As the dairy industry teeters, demand for red meat remains strong. US consumers eat close to 60 pounds of beef a year. Milk and cheese prices are virtually unchanged from a decade ago, US Department of Agriculture data show, while ground beef prices have climbed more than 35%, touching a record high in November.

Beef prices have “just exploded and it’s been fuel on a fire,” said Steve Obert, the executive director of Indiana Dairy Producers.

At those prices, the breeding of more beef-on-dairy crosses makes sense. The tech is also getting better. Thanks to developments in genetics, farmers are able to buy sexed semen, increasing their chances of breeding a female dairy cow.

That allows them to produce close to the exact number of replacement dairy heifers they need, then breed the rest of their herd for beef-on-dairy calves. Nearly 85% of the 9.4 million units of beef semen sold in the US in 2023 went to dairy farms, according to the National Association of Animal Breeders.

The hybrid calves produced through the targeting breeding yield more meat than traditional dairy cattle, whose bodies are more focused on making milk than muscle, though less than one bred for beef. An average 1,200-pound beef animal would yield about 450 pounds of boneless steaks, roasts and ground beef, nearly 14% more than a Holstein dairy cow, according to South Dakota State University researchers.

Beef-on-dairy crosses likely “trend closer to the beef numbers as many crosses have adopted a stronger beef body type than dairy,” said Christina Bakker, an assistant professor and meat science extension specialist at the university. Some even say the crossed calves produce better quality meat, given dairy cattle’s ability to deposit marbling.

There were 2.7 million beef-on-dairy calves born in 2022, more than 12 times the number born in 2016, according to research firm CattleFax. Beef-on-dairy cattle made up 10% of the fed slaughter market in 2022, and that share is expected to rise to 15% by 2026, the firm estimates.

Refocusing a dairy farm’s breeding program toward beef-on-dairy hybrids is not without its risks. Tip too far in the beef direction and there won’t be sufficient supply to sustain milking herds. The pendulum may have already shifted: The number of available replacement cows for dairy herds in January 2024 was the lowest for that time of year in two decades. Last marketing year, the average price for a milk cow rose to $1,760, the highest in seven years, according to the USDA.

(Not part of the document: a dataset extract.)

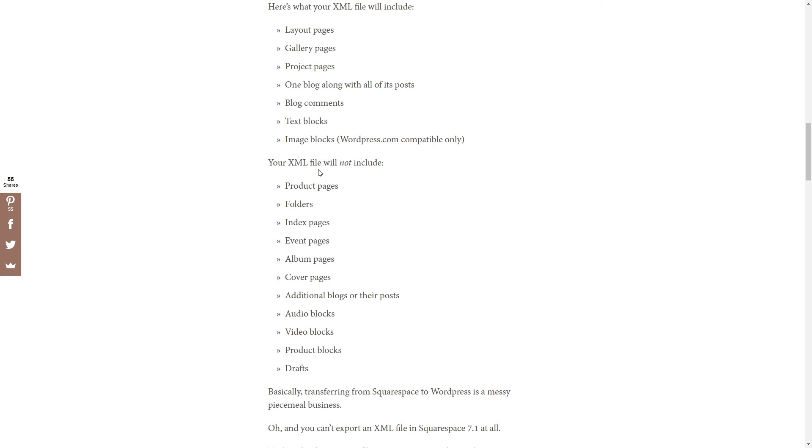It won't include product pages, folders, index pages, event pages, and so on. But I'm going to show you how to export your products if you are selling on Squarespace.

Higher replacement costs also mean that lower-production cows are likely to stay on farms longer, meaning that milk yields will climb more slowly, market analyst Sarina Sharp wrote in a Milk Producers Council report.

If milk prices rise, low inventories and higher prices for replacement cows could limit the expansion of dairy production and make it hard for farmers to grow profits, said Lucas Fuess, a senior dairy analyst at Rabobank. The number of replacement heifers is already “down to the minimum level” needed to maintain the dairy herd, said Nate Donnay, the director of dairy market insight at StoneX Financial.

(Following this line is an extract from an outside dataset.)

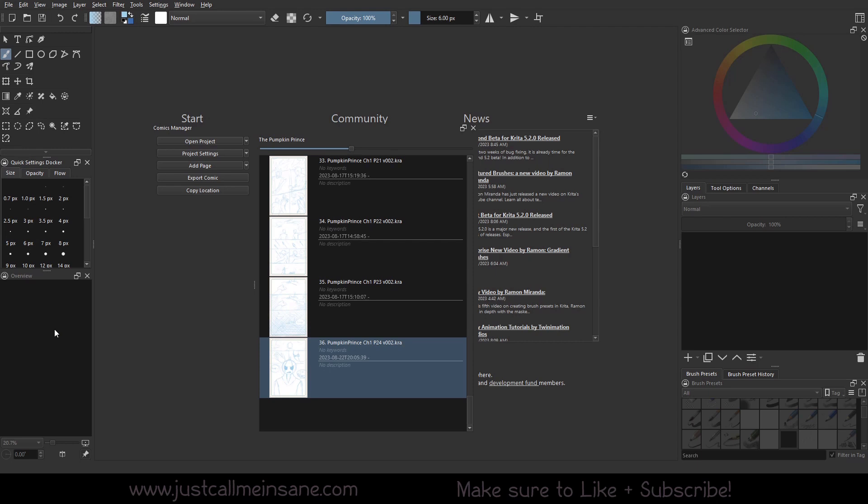Welcome back to another Krita tutorial. Today we're going to be continuing our talk about the Comics Manager Docker and we're going to keep it a little simple today with the project settings option.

Milk Cow Replacement Inventory Shrinks

Number of available dairy replacement heifers

“Ten years from now, the beef herd’s probably going to get too big again and prices will be terrible and maybe they don’t want these dairy animals anymore,” Donnay said. “But for the next couple of years, that demand for dairy animals into the beef herd is probably going to stay strong.”

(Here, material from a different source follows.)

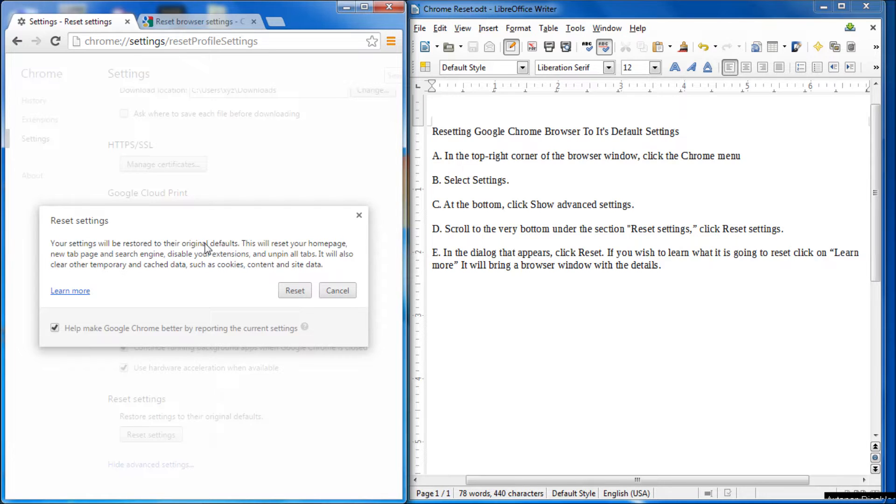So this is basically what it's going to do - reset it to the cookies and content data and so on and so forth.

Austin Allred, the owner of Royal Family Farming in Washington state, has seen the benefits of the beef-on-dairy trend first hand. Because of the new developments, he has been able to select his best cows to produce offspring to stay in the milking herds. Those animals are healthier and can yield more milk for longer, so fewer cows need to be replaced each year to sustain the same level of production, he said. Cows that make less milk are then bred for beef-on-dairy animals, which are optimized to grow quickly and have favorable qualities like good marbling, said Allred, whose farm milks 6,000 cows every day.

“Farmers are obsessed with genetics,” he said, “and will forever be obsessed with good, productive, efficient animals.”